* **Web page caption snippets**
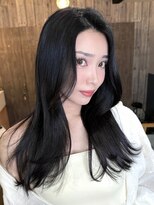 スカイ(SKY)&nbsp;透明感カラー/髪質改善/縮毛矯正/韓国風レイヤーカット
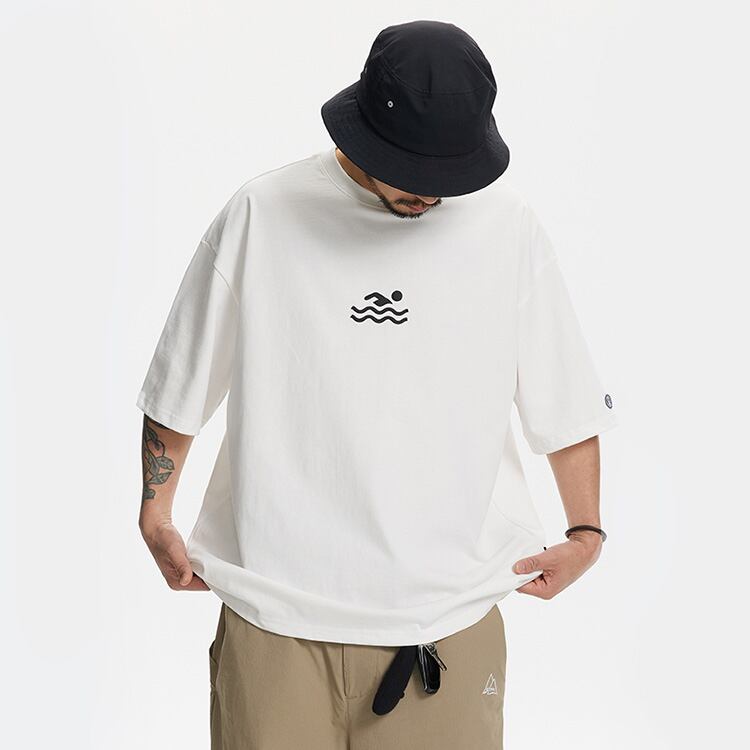 ★LOOSE RETRO HEAVY T-SHIRT　　　A0472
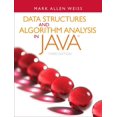 thumbnail image 1 of Pre-Owned Data Structures and Algorithm Analysis in Java: Data Struc Algor Analy Java_3 Paperback, 1 of 1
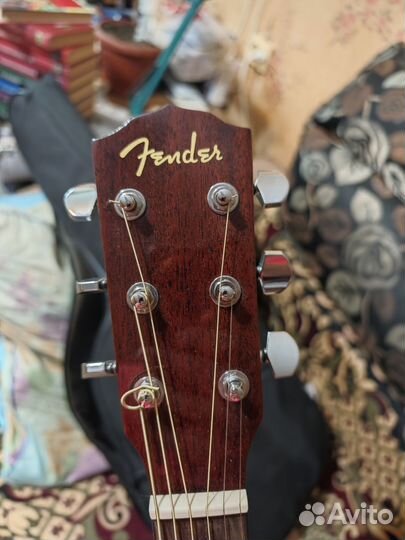 Акустическая гитара Fender CD-60S 6- струнная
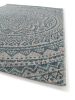 Kültéri és beltéri szőnyeg Cleo bézs/kék 15x15 cm Sample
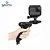Suporte De Mão e Mini Tripé Ajustável 360 Para Celulares e Cameras Com Adaptador Gopro - Imagem 2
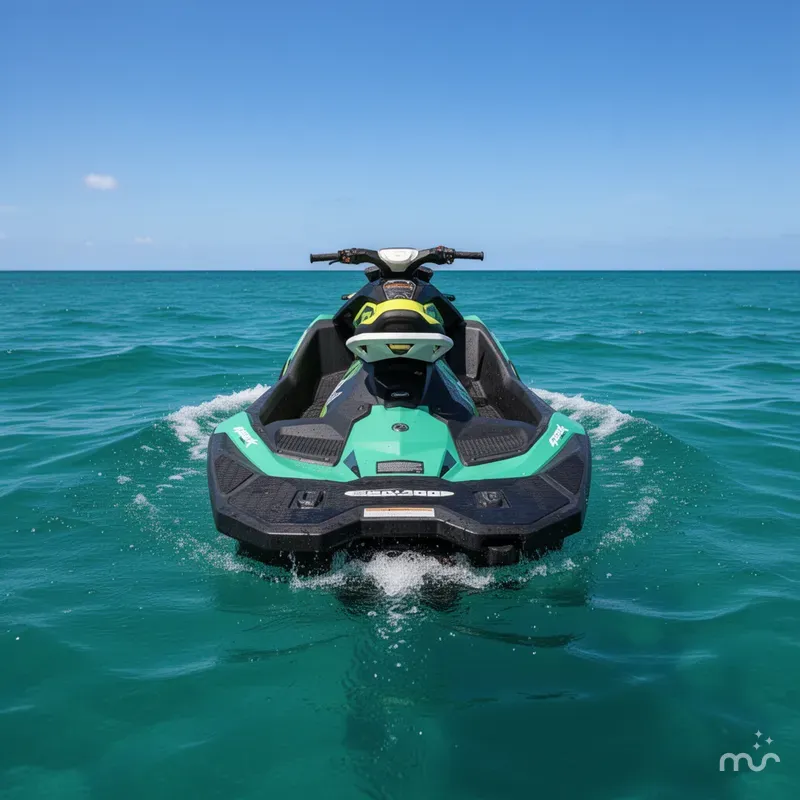 Slide: The Image of Sea-Doo Spark Trixx 3-Up Rotax 900 H.O. ACE IBR & Soun 2019 - 3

* **Exercise prompt**
Repeat only the lines between the start of the data and the line with "Акустическая гитара Fender", including those two lines, and skip the pictures.

* **Expected answer**
 スカイ(SKY)&nbsp;透明感カラー/髪質改善/縮毛矯正/韓国風レイヤーカット
 ★LOOSE RETRO HEAVY T-SHIRT　　　A0472
 thumbnail image 1 of Pre-Owned Data Structures and Algorithm Analysis in Java: Data Struc Algor Analy Java_3 Paperback, 1 of 1
 Акустическая гитара Fender CD-60S 6- струнная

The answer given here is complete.